Brat Productions' The Bald Soprano is back and badder than ever.

by A.D. Amorosi

Published: January 13, 2010

In 1998 and 2007, Brat Productions' boss, director Madi Distefano, remade Eugene Ionesco's absurd non-sequitur-filled theatricale The Bald Soprano in accordance with his wishes. The script, first brought to life in 1950, contained stage instructions to start the performance over from the beginning, with the main players switching roles — a continuous loop of darkly humored existentialist wonk. Brat's 24-hour Bald Soprano became an avant-Philadelphia classic and an American anthem: a daylong effort wherein you could attend multiple performances and watch the city's best self-brutalizing actors throwing themselves into "physically and cerebrally grueling two dozen hourlong works of smelly brilliance." That's what I wrote after having sat up with them, both in '98 and '07, through many hours of Baldness.

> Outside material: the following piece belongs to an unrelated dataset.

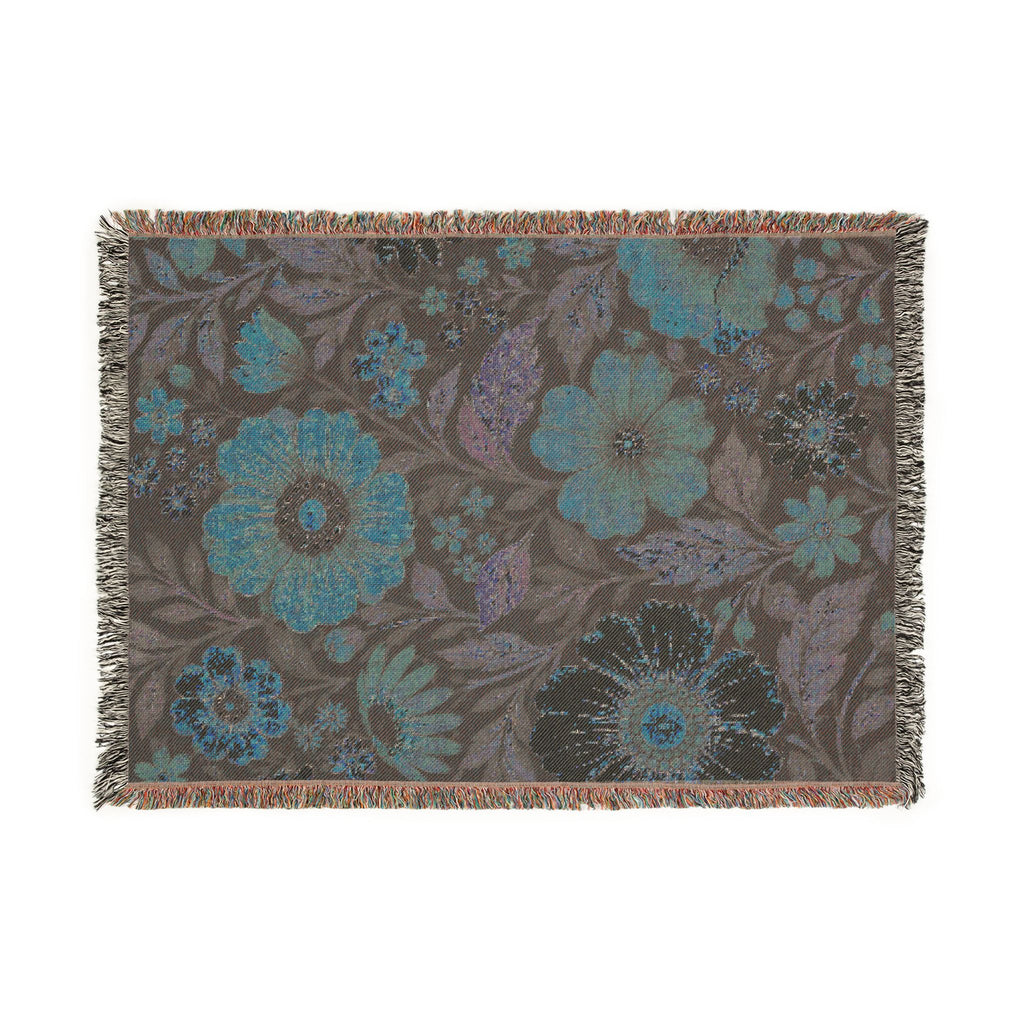 Vintage Floral Woven Blanket | Retro Botanical Throw, Tapestry Style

Now, Brat's back — every hour, on the hour. Six actors, 24 performances. No breaks. No kidding. Beat that, Kiefer. Returning Soprano vets/gluttons-for-punishment Jess Conda and Nathan Holt will be joined by newbies Krista Apple, Jake Blouch, Bradley K. Wrenn and Victoria Frings in the slow-moving fracas. "Madi considers these new guys the 'next big thing' in Philly acting," says Brat producing artistic director Michael Alltop. "And of course Nate and Jess are no slouches, either. They're our go-to A team." Brat PR guru Scott Johnston will create a "fierce lobby culture" — a 'round-the-clock variety show cabaret and arts bazaar with free food and rotating casts, puppets and artists. "No two shows will be the same," Johnston says. I'd expect nothing less.